In einem sind sich Paleckis und Uder einig: „Schuld ist das dramatische Lohngefälle zwischen Ost und West“, sagt Uder. Die Weltwirtschaftskrise habe die Lage erneut verschärft, klagt Paleckis, der ein weiteres Ausbluten im Osten des Kontinents befürchtet. Europas Sozialdemokraten schlagen deshalb EU-weite, aber regional abgestufte Mindestlöhne vor.

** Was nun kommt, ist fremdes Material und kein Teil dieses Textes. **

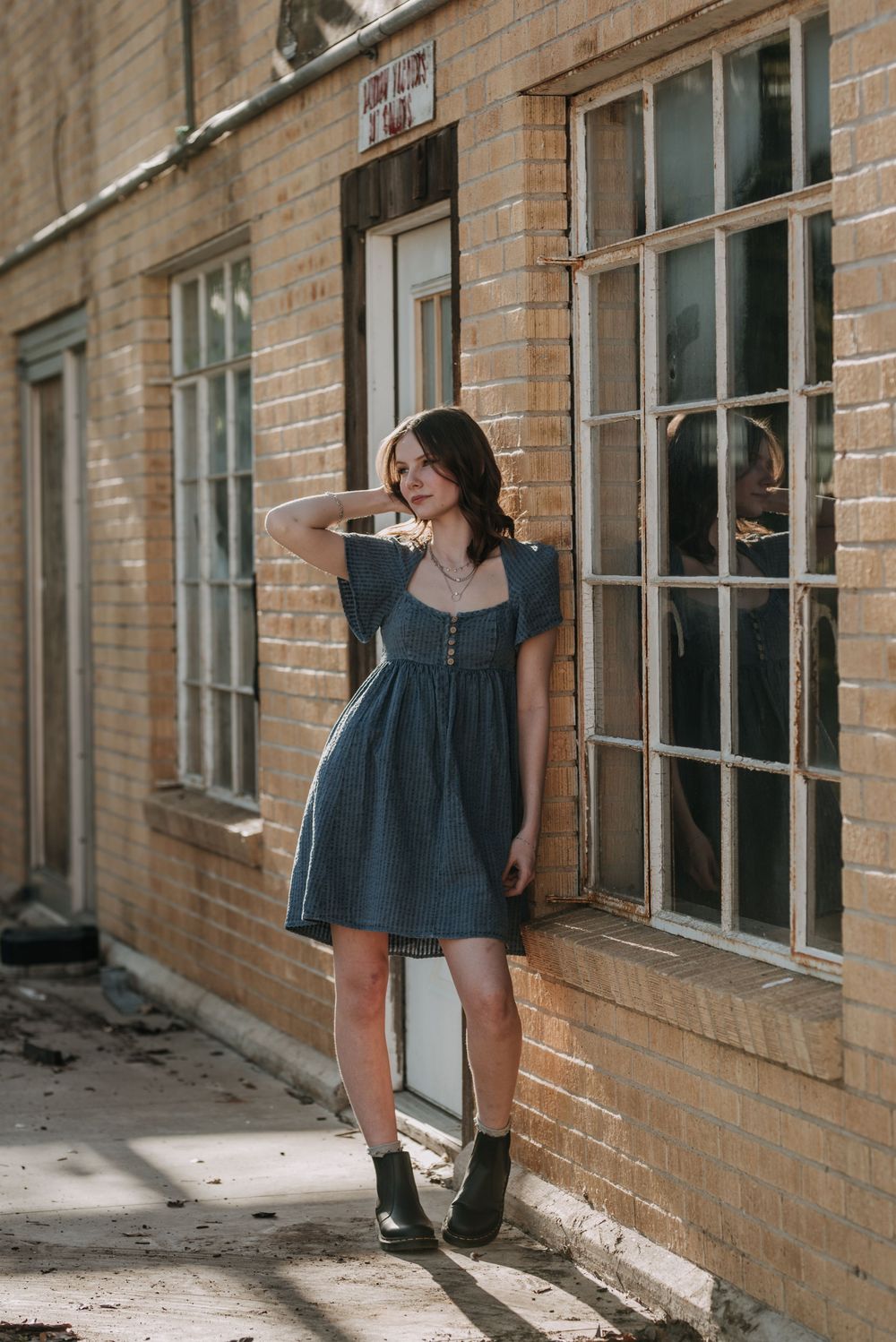 A person in a blue dress and boots poses against a brick wall near tall windows in natural lighting.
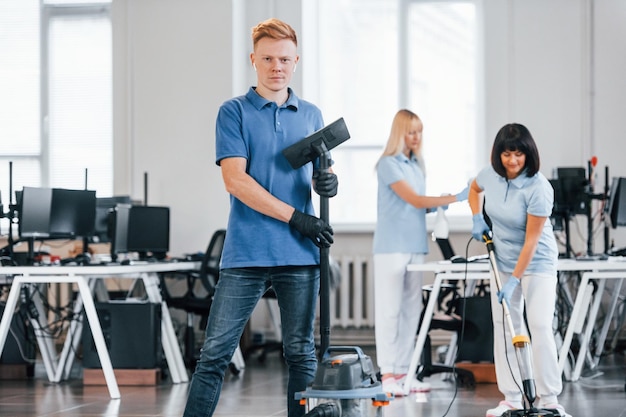 Ragazzo con aspirapolvere Gruppo di lavoratori puliscono insieme l'ufficio moderno durante il giorno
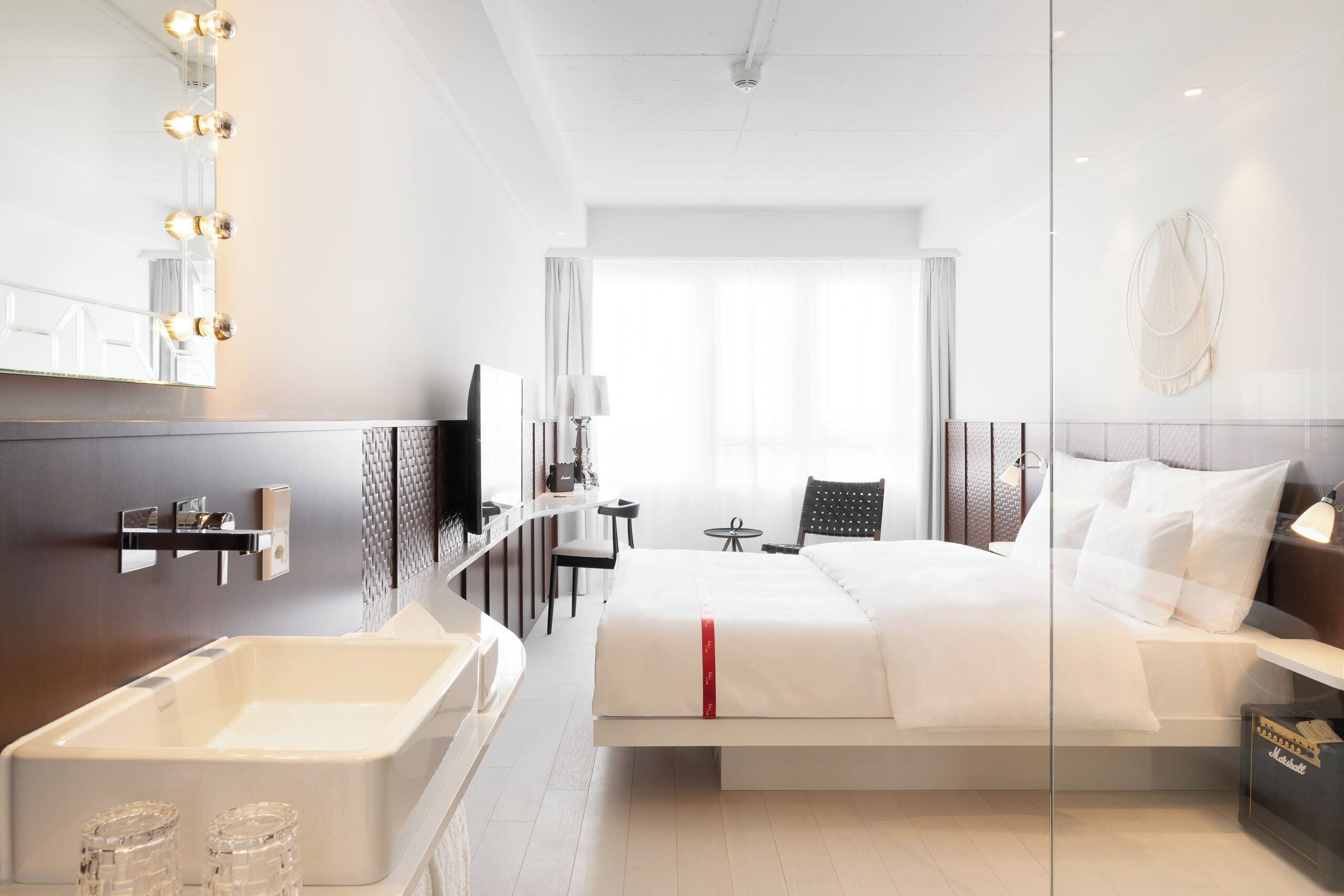 Una habitación de hotel moderna con una cama grande, un baño con bañera, un tocador con espejo y una zona de estar con mesa y sillas.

Das sieht der deutsche Arbeitgeberverband BDA anders. Dort erhofft man sich vor allem eines vom grenzenlosen europäischen Arbeitsmarkt: eine neue Wachstumsdynamik. Der BDA verweist auf die Erfahrungen in anderen westeuropäischen Staaten: „Vor allem Großbritannien und Irland haben durch eine frühzeitige Öffnung profitiert.“

Beide Länder waren zusammen mit Schweden vorgeprescht und hatten die volle Freizügigkeit schon 2004 eingeführt. Und das durchaus mit Erfolg: Die Einwanderer trugen erheblich zum britischen Boom und zum irischen Wirtschaftswunder bei, die mit der EU-Erweiterung zusammenfielen. Seit der Weltfinanzkrise häufen sich allerdings die Klagen über soziale Verwerfungen. Boulevardblätter wie die Londoner „Sun“ warnen immer öfter vor „migrant crooks“, einwandernden Gangstern – ein Vorgeschmack auf das, was Deutschland im kommenden Jahr bevorstehen könnte.